▶ About this task
From the entries below, print exactly the span beginning with the line holding "Perfil de ángulo en negro de 12mm" and ending with the line holding "Beige & Coral", endpoints included, and skip any pictures.

▶ Given entries
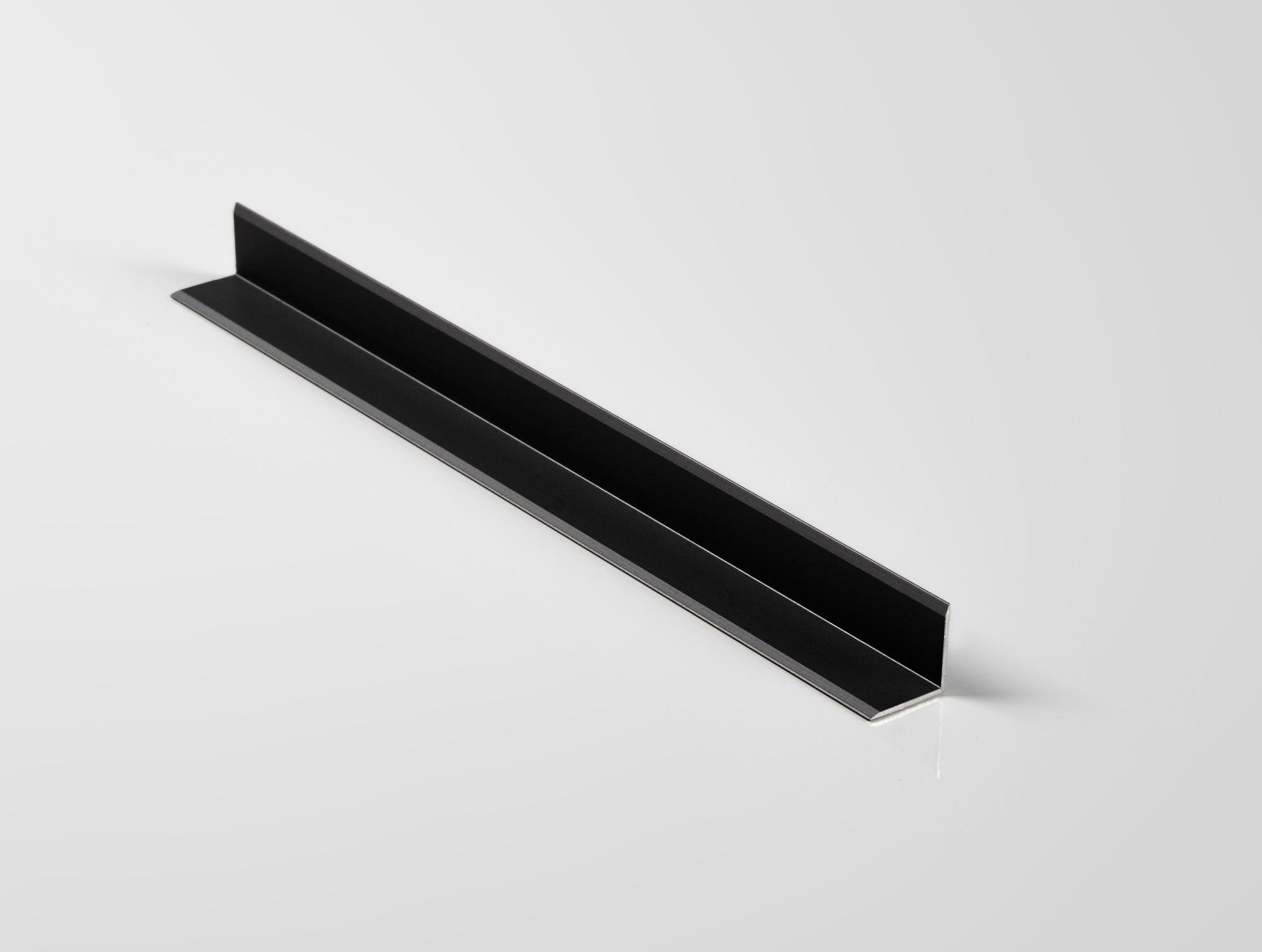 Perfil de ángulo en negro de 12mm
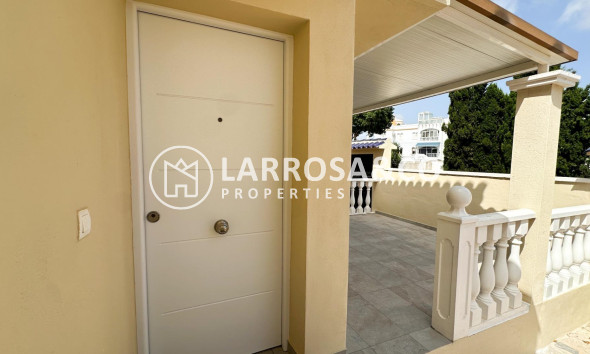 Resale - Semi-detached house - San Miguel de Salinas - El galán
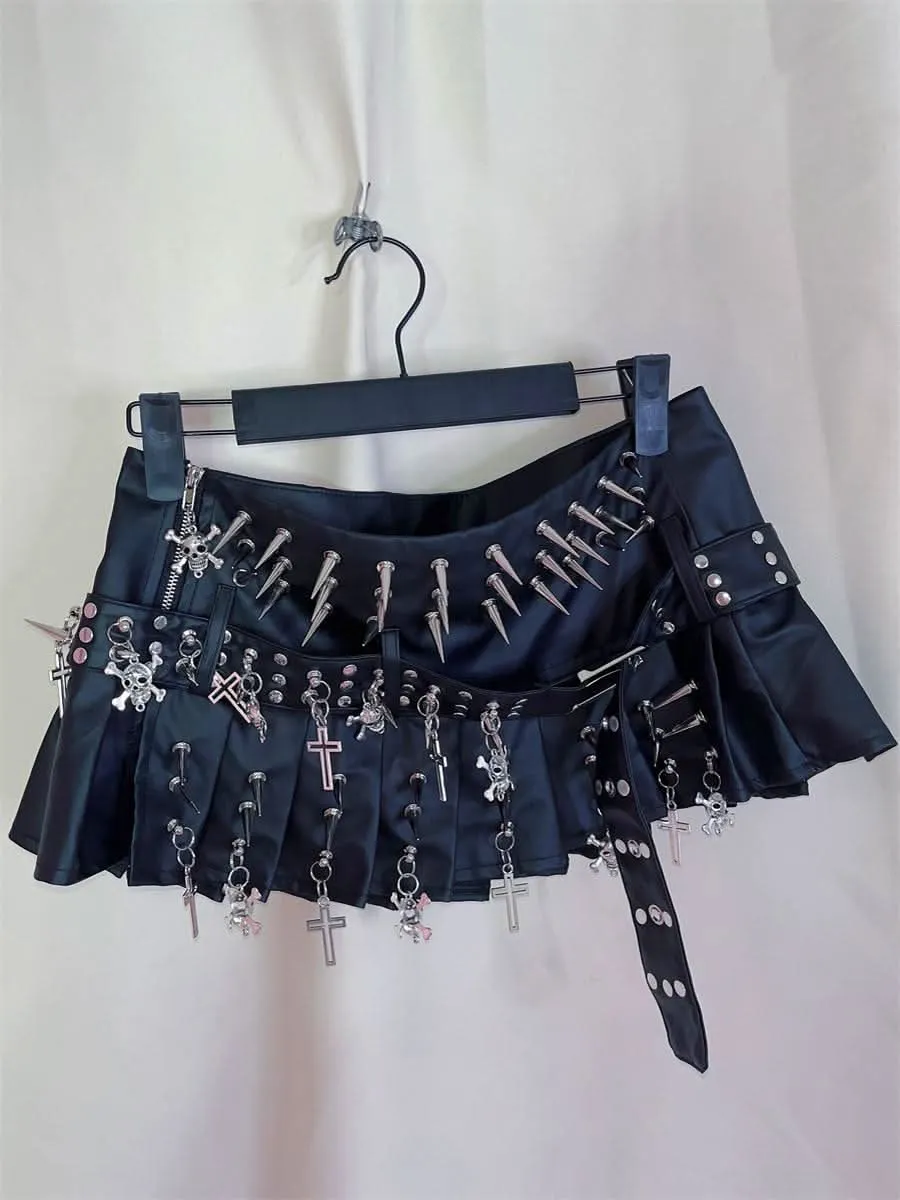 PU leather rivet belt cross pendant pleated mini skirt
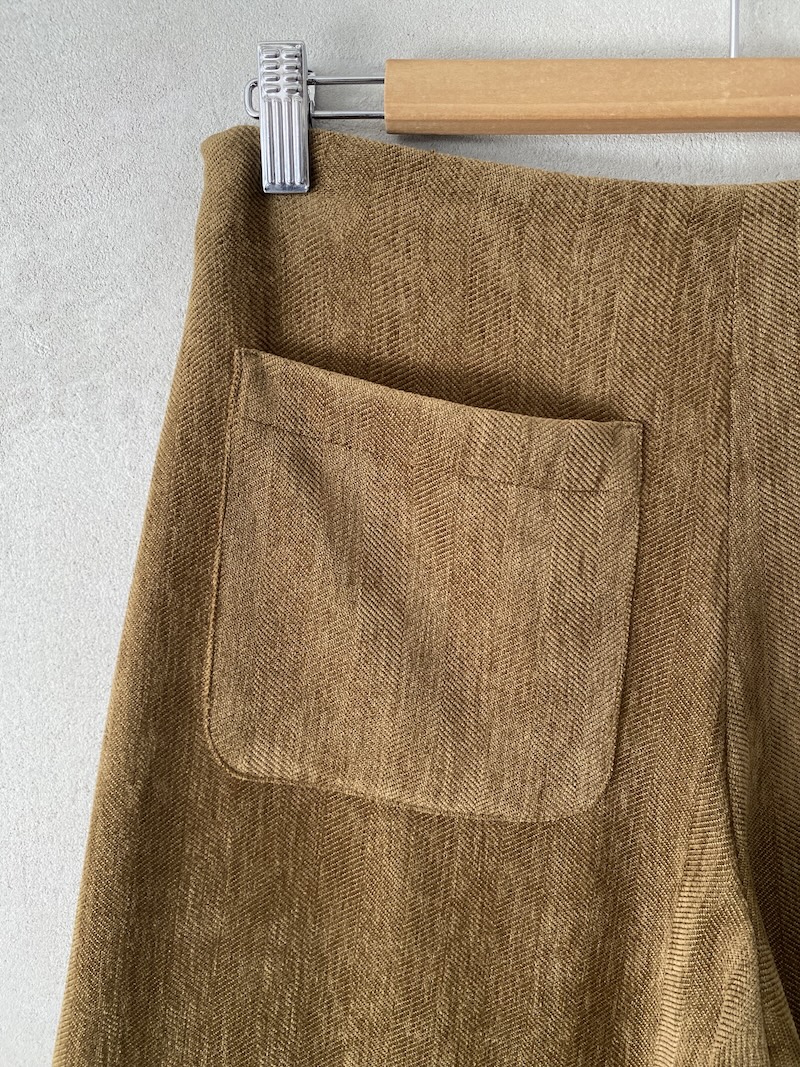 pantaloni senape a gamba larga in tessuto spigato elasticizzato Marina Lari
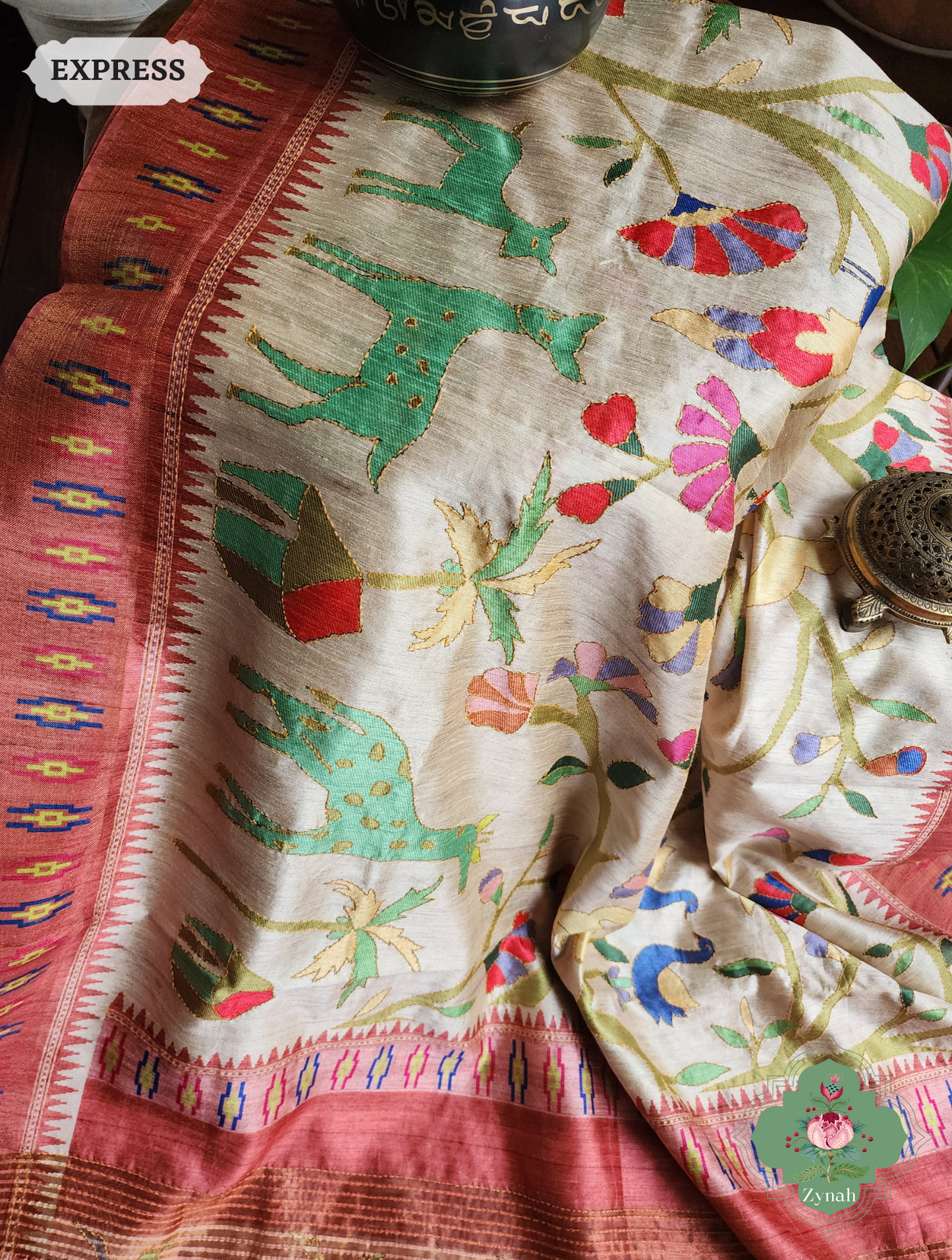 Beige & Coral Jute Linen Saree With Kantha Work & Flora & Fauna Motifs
...
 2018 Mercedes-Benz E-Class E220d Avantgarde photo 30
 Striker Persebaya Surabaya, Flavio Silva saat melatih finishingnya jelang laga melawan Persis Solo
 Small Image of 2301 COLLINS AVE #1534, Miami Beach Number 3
---
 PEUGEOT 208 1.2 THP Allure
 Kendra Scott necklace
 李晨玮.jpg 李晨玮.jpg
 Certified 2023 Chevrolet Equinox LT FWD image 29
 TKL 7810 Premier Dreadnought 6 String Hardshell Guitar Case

▶ Solution
 Perfil de ángulo en negro de 12mm
 Resale - Semi-detached house - San Miguel de Salinas - El galán
 PU leather rivet belt cross pendant pleated mini skirt
 pantaloni senape a gamba larga in tessuto spigato elasticizzato Marina Lari
 Beige & Coral Jute Linen Saree With Kantha Work & Flora & Fauna Motifs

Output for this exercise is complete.